Ce qui était à Rome l’idée traditionnelle c’était la République. La République avait fait l’État, lui avait donné la force, la jeunesse, la gloire, le triomphe, l’âge mûr et les incommensurables conquêtes rayonnant autour du domaine de l’antique cité. Quand la nouvelle fut bien et complètement bondée de gens sans aveu, étrangers, gens d’esprit, venant de tous les coins du monde où germe le goût des aventures et qu’en conséquence la notion républicaine fut tombée en impuissance, comme la notion monarchique s’est effacée à Paris devenu l’arène des gens sans patrie, on fit à Rome révolution sur révolution jusqu’à ce que l’ennui du désordre eût engendré le goût du despotisme absolument comme à Paris.

Mais, il demeura toujours des républicains et ceux-ci se firent compter et estimer des Césars, des affranchis, des coquins de toutes les espèces, pour être les derniers représentants de l’espèce rare qu’on appelait, en ce temps-là, les gens honnêtes. Cette marque distinctive de l’opinion conduisit, dans le premier temps, Thraséas et d’autres au tranchant du couteau, mais on n’en persista pas moins à croire universellement, non pas qu’il fallût rétablir un ordre de choses dont les premiers et plus simples éléments n’étaient plus à trouver, mais que ceux qui le regrettaient étaient en définitive l’élite de la société et de cette persuasion, il arriva que les princes se piquant de vertu ou même simplement d’habileté, firent sonner très haut leur goût pour les doctrines républicaines, et en mirent l’esprit en pratique le plus souvent et le plus complètement qu’il leur fût possible. L’histoire continue à savoir beaucoup de gré à Trajan et à Marc Aurèle d’avoir été républicains sous le diadème, c’est-à-dire d’avoir continué, repris, restauré autant qu’il était en eux, les doctrines, les maximes, les habitudes, les façons de procéder, d’administrer, de croire qui avaient constitué Rome et présidé à ses grandeurs.

C’était beaucoup déjà, de produire pendant des siècles après la clôture de l’ère périmée, des résultats de cette importance. Mais ce ne fut pas tout.

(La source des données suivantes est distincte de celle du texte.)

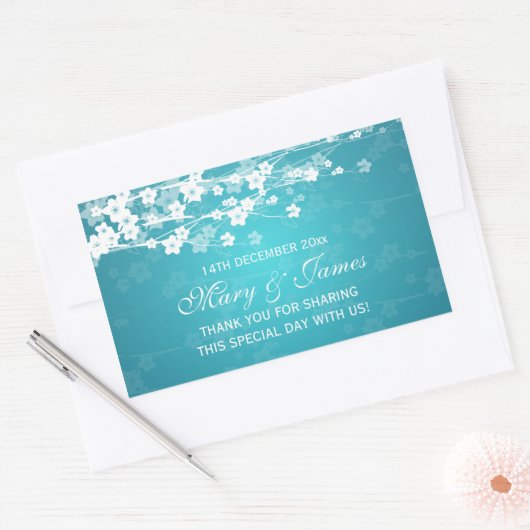 エレガントウェディングメッセージカードさくらんぼブロッサムブルー 長方形シール (封筒)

L’Empire d’Occident alla sur son déclin. Les barbares établirent sur ses ruines leurs royaumes, leurs duchés, leurs seigneuries de diverses formes. Le monde byzantin dans la partie de l’Italie qu’il put retenir institua les exarques. Mais là où l’esprit latin continua à vivre, libre de se constituer suivant son instinct, que fit-il ? Le vit-on imaginer, comme l’Ile de Bretagne, un empire en petit ? Le vit-on comme la Gaule recourir aux monarchies ? En aucune sorte, il replanta la République ; c’était sa forme normale, c’était son mode naturel, légitime d’exister et cela peut montrer à quel degré de vitalité, de profondeur et de force se maintient, même à travers des siècles d’impulsion toute contraire, l’esprit qui a créé un pays et qui lui a donné ses véritables raisons de s’estimer au milieu de tous les autres.